В комнате сразу стало тихо.

— Нет, в другом смысле, — усмехнулся Алексей. — Зря напрягаетесь, я не из «чертовой роты» [47] . Там, полагаю, дураков таких нет в пасть ко льву забираться… А волкодав потому, что овцы мне не братья, но и волки не товарищи. Так себя ощущаю и так живу. Готов за это платить свою цену. По характеру же я то, что раньше называлось ландскнехт. Наемник. Вы, допустим, волки. Ловит волк, ловят и волка…Наверняка есть у вас среди серых и недруги, причем многонько. Вот и купите себе волкодава! Хорошего и задорого. Разумеется, с испытанием…

— Копишь, копишь, да чёрта и купишь, — проворчал недовольно Елтистов, но «король» перебил его:

— Теперь совсем понятно. Знавал я таких, и ничего — полезные были люди. Будь хоть пёс, лишь бы яйца нес! Испытаем мы тебя непременно, и ежели окажешься годен — договоримся. Боевитые люди нам сейчас нужны, потому как у нас серьезные дела, и надобно их охранять. Озябликов! Бери его в работу. Что там в первую очередь?

— Как раз «вяземские кадеты» бузят. Стеклянный фликель снова закоперщик: мы, говорят, Васе-Василиску под крыло перешли, потому платить не будем. Пора меры принимать, иначе всю Лавру упустим и Сенной рынок вместе с ней.

— Понятно.
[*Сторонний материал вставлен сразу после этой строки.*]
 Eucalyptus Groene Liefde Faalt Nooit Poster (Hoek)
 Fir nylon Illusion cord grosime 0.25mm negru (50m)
Васек давно нарывался, пора его сократить. Действуй. Лыкова — в самое пекло! А то — пять сотен в месяц… Елтистова вон чуть кондратий не хватил…

Глава 6

Первые впечатления

По итогам беседы Алексей поступил, с испытательным сроком, под команду Озябликова, а Челубей взял над ним как бы шефство, дабы быстрее освоился. Лыков был весьма доволен таким началом. Все его детство прошло под батюшкины рассказы про верного друга Власа Фирсовича, и вот теперь этот человек — непосредственный ему начальник. Челубей же сразу вызвал у него необъяснимую симпатию, столь разнясь со своим жутким напарником Пересветом. Однажды так же быстро ему глянулся Виктор Таубе, и до сих пор они друзья; но Таубе — русский офицер, а Челубей бандит и, наверняка, убийца. Да и Озябликов, честный солдат за царя и отечество, тоже оказался преступником, притом крупного калибра, а Лыков здесь для того, чтобы засадить его в тюрьму… Даже думать сейчас об этом не хотелось, да было и некогда. А интересно: встреть их Алексей сразу после войны, кем бы он теперь был — сыщиком или уголовным?

Но самое сильное впечатление произвел, конечно, Лобов. Этому человеку не то, что не стыдно — хотелось подчиняться. Будучи знаком с министрами, губернаторами, директорами департаментов, подобной фигуры Алексей еще не встречал. Удастся ли им всем вместе: Плеве, Благово и ему, грешному, одолеть такого противника — это был вопрос…

вернуться

46

Слово «мент» заимствовано из польского арго, в котором обозначало солдата; в русском уголовном жаргоне первоначально означало тюремного надзирателя, к 1880-м годам — еще и полицейского.